:: Exercise ::
Every entry in the data that follows should come back exactly, pictures aside.

[Source records Boundary: Start]

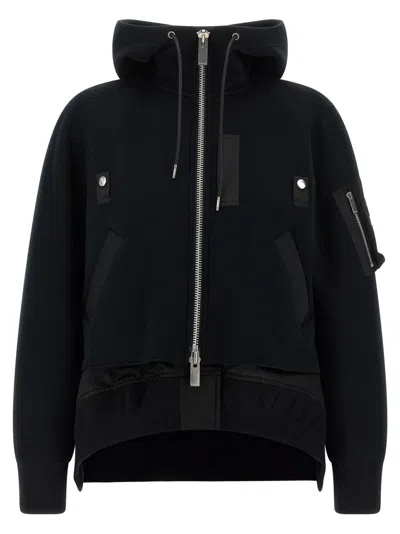 Sacai Black Zip-up Hoodie In Black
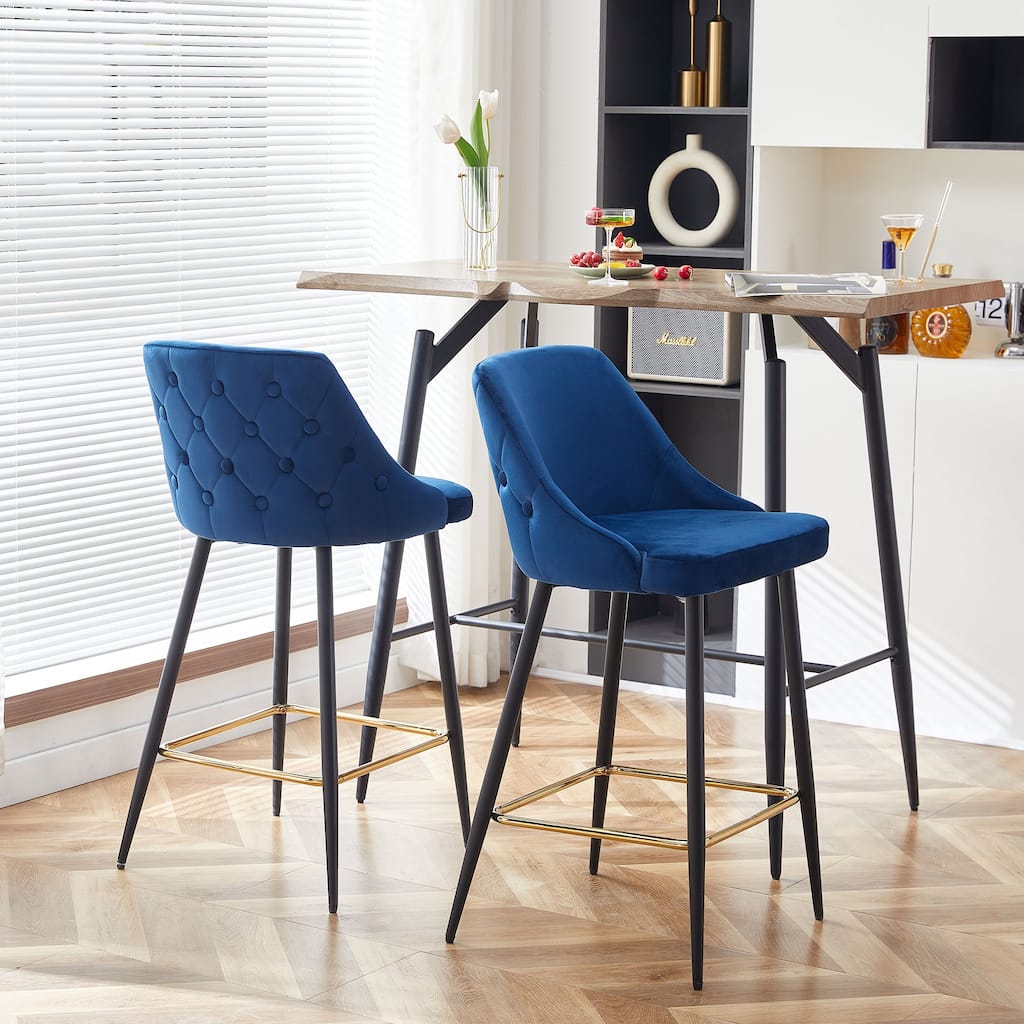 Blue Velvet Swivel Bar Bar Stool
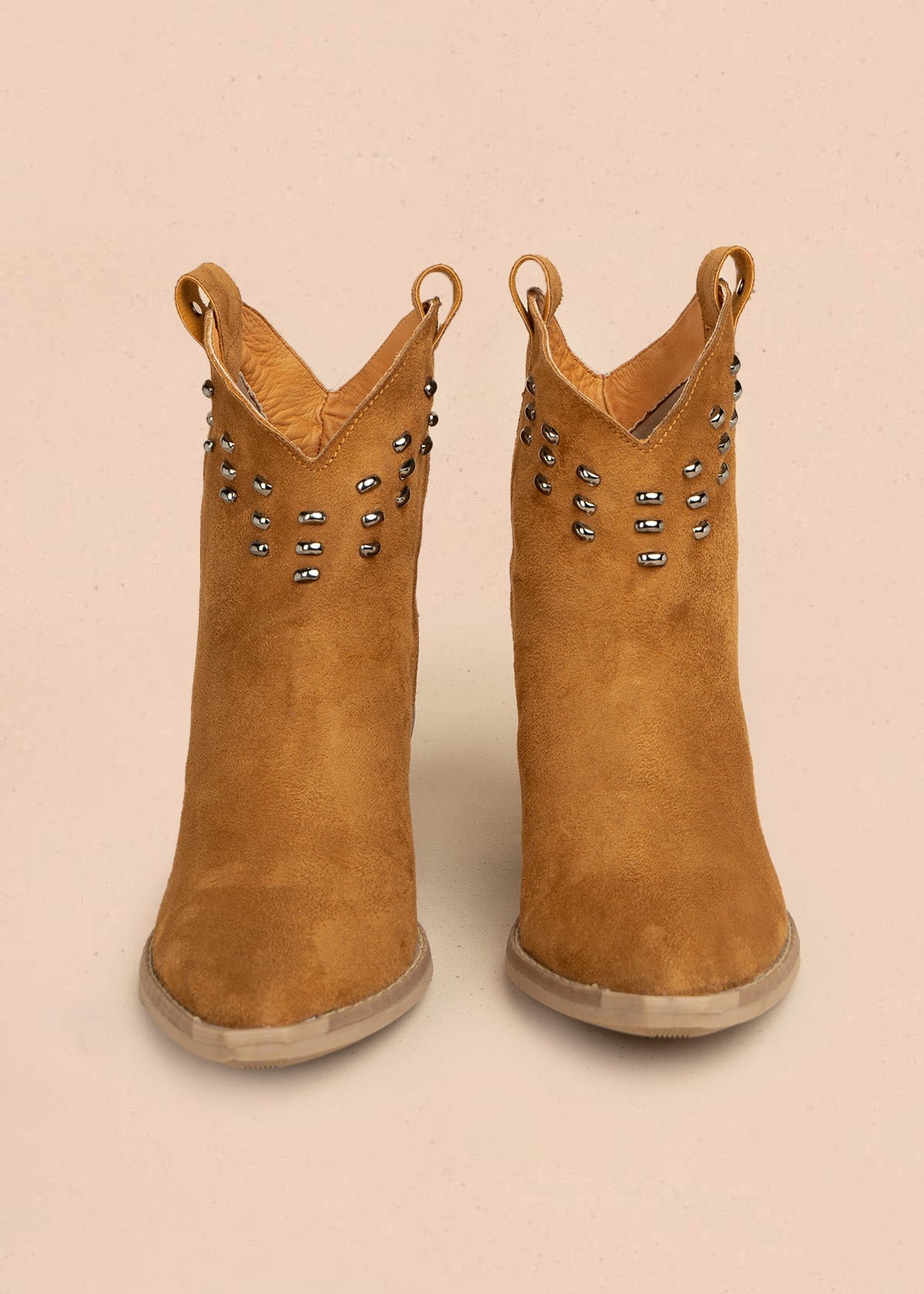 Botines texanos color miel de gamuza sintética y taches 106432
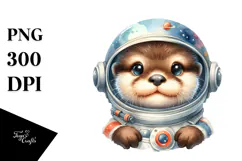 Energetic Baby Otter with Astronaut Helmet, Transparent PNG Product Image 1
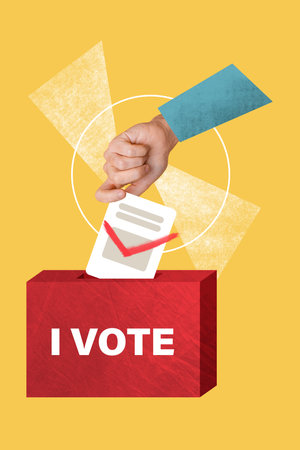 Vertical photo collage of hand hold ballot card box election vote checkmark confirmation sign candidate isolated on painted backgroundの写真素材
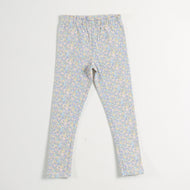 "Girls Soft Cotton Stretch Leggings with Multicolor Mini Floral Pattern"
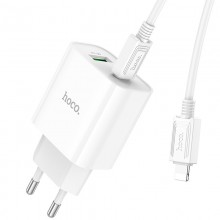 СЗУ HOCO C80A Plus Rapido PD20W+QC3.0 (1Type-C/1USB) + Type-C to Lightning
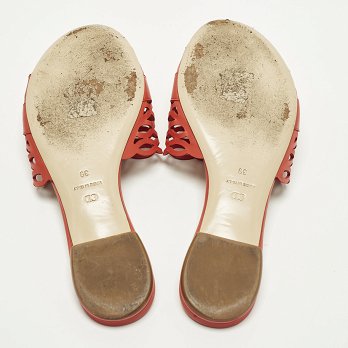 Red Laser Cut Leather Tattoo Peep Toe Slides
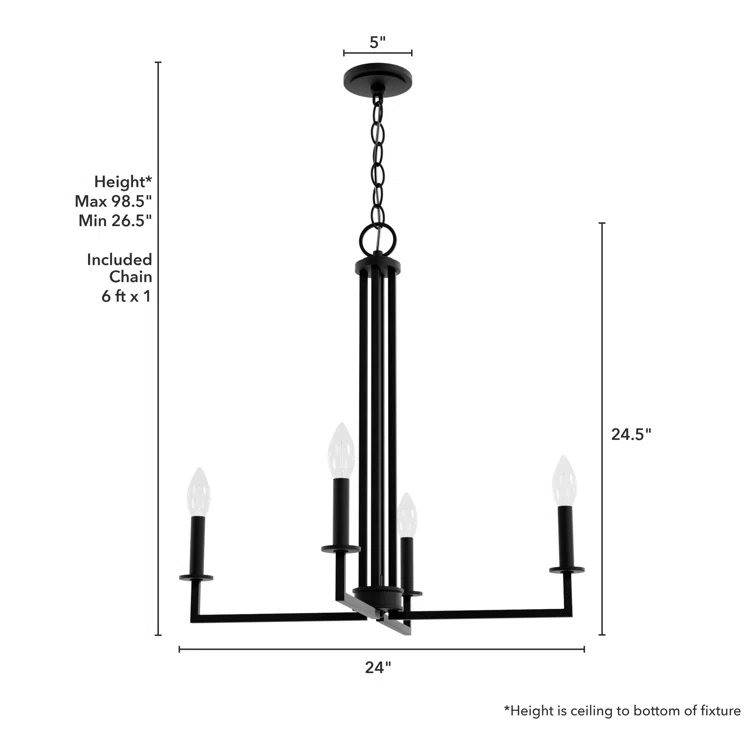 4 - Light Geometric Rectangle Chandelier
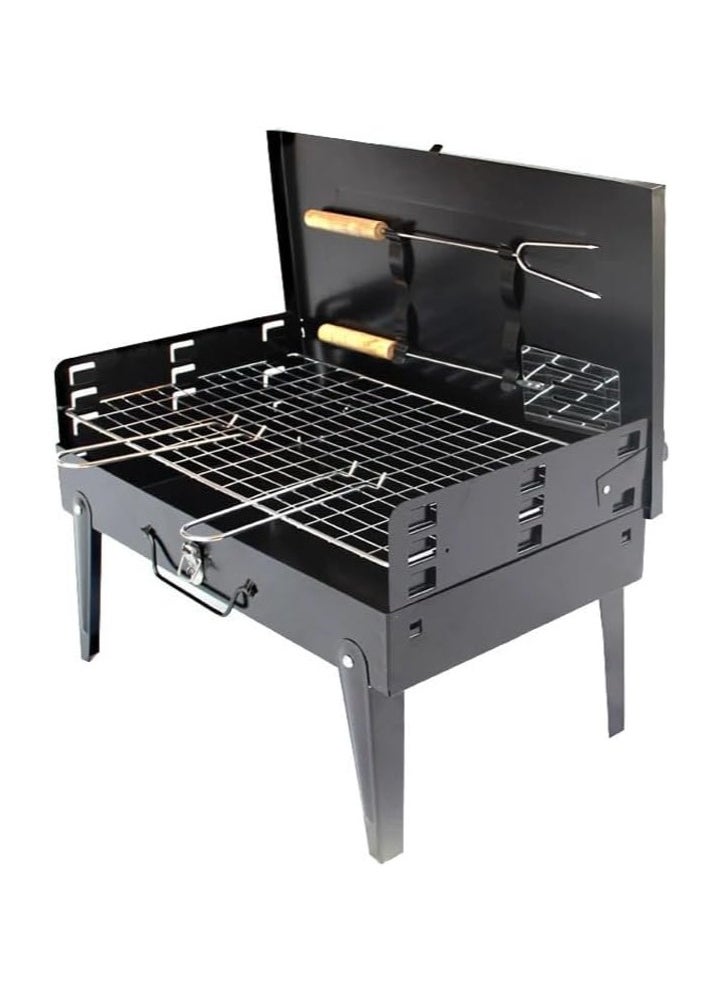 VIO Barbecue Grill Stainless Steel Charcoal Grill With Lid Accessories Foldable Durable Outdoor Household Camping BBQ Smoker for Outdoor Cooking Picnic Parties Trips Patio Backyard Camping Cooking Ramadan Get Together 45 X 42 X 25 CM  - Image 3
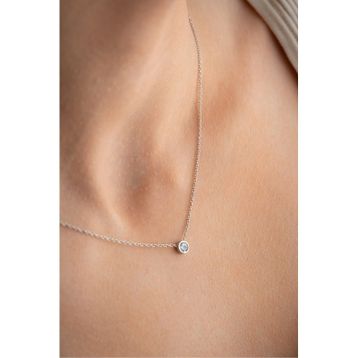 Nereze 925 Ayar Gümüş Rodyum Kaplama Minimal 5 mm Tektaş Kolye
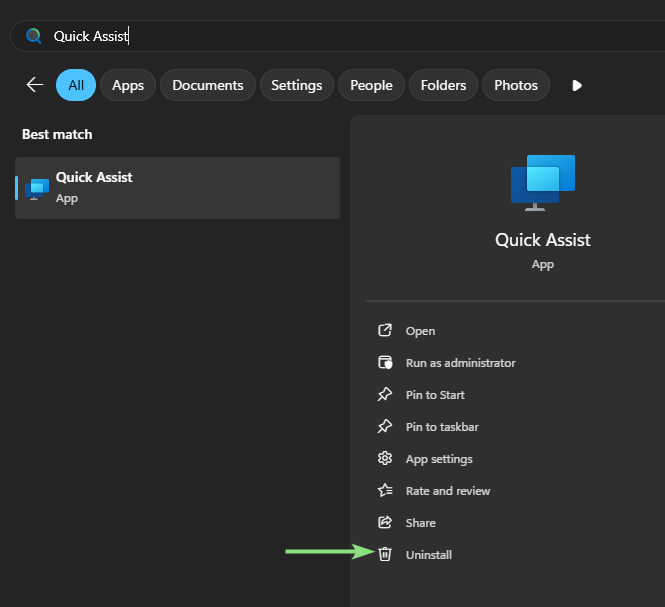 Uninstall Quick Assist from Windows
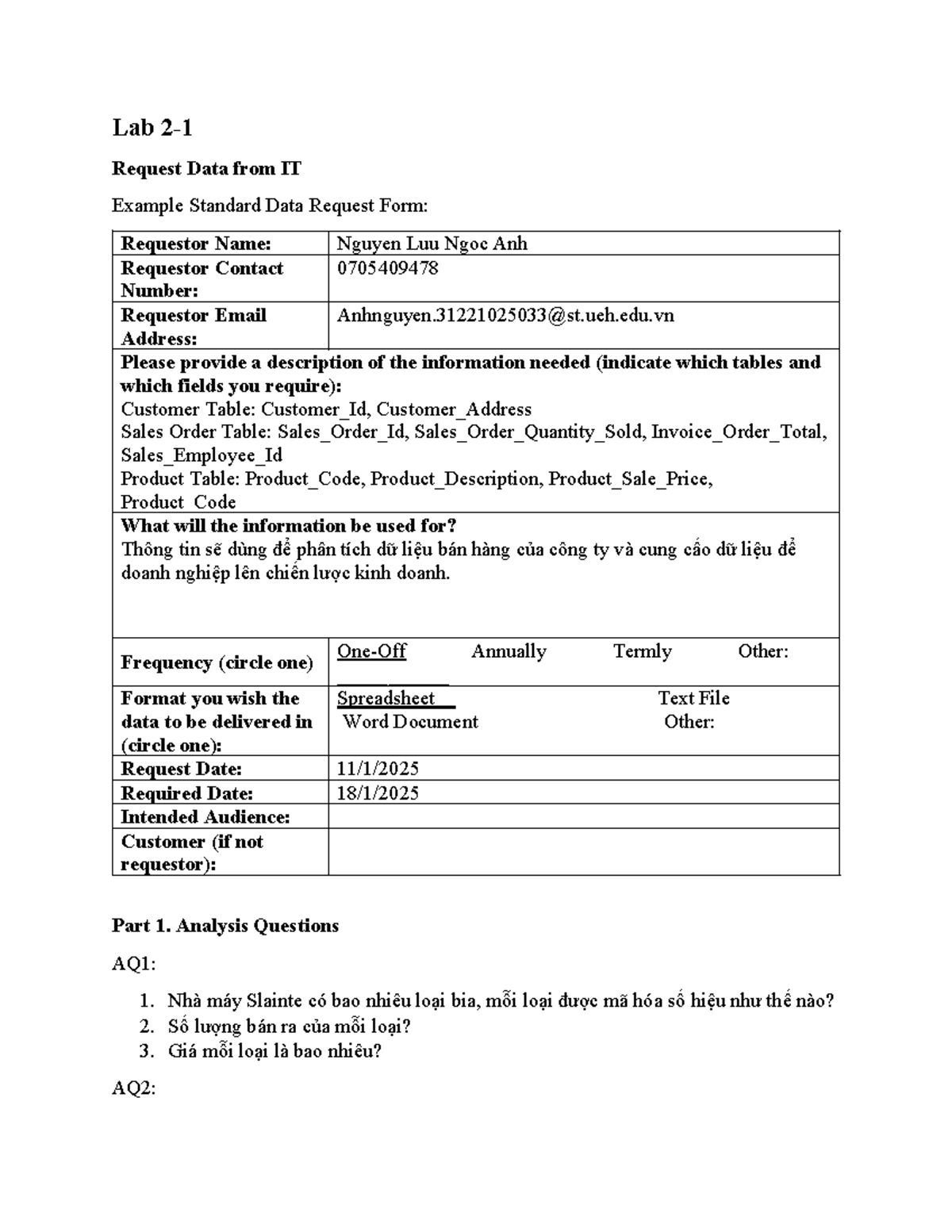 Lab 2-1 Data Request Form & Data Dictionaries for Analysis - Studocu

[Source records Boundary: End]

:: Answer for this exercise ::
 Sacai Black Zip-up Hoodie In Black
 Blue Velvet Swivel Bar Bar Stool
 Botines texanos color miel de gamuza sintética y taches 106432
 Energetic Baby Otter with Astronaut Helmet, Transparent PNG Product Image 1
 Vertical photo collage of hand hold ballot card box election vote checkmark confirmation sign candidate isolated on painted backgroundの写真素材
 "Girls Soft Cotton Stretch Leggings with Multicolor Mini Floral Pattern"
 СЗУ HOCO C80A Plus Rapido PD20W+QC3.0 (1Type-C/1USB) + Type-C to Lightning
 Red Laser Cut Leather Tattoo Peep Toe Slides
 4 - Light Geometric Rectangle Chandelier
 VIO Barbecue Grill Stainless Steel Charcoal Grill With Lid Accessories Foldable Durable Outdoor Household Camping BBQ Smoker for Outdoor Cooking Picnic Parties Trips Patio Backyard Camping Cooking Ramadan Get Together 45 X 42 X 25 CM  - Image 3
 Nereze 925 Ayar Gümüş Rodyum Kaplama Minimal 5 mm Tektaş Kolye
 Uninstall Quick Assist from Windows
 Lab 2-1 Data Request Form & Data Dictionaries for Analysis - Studocu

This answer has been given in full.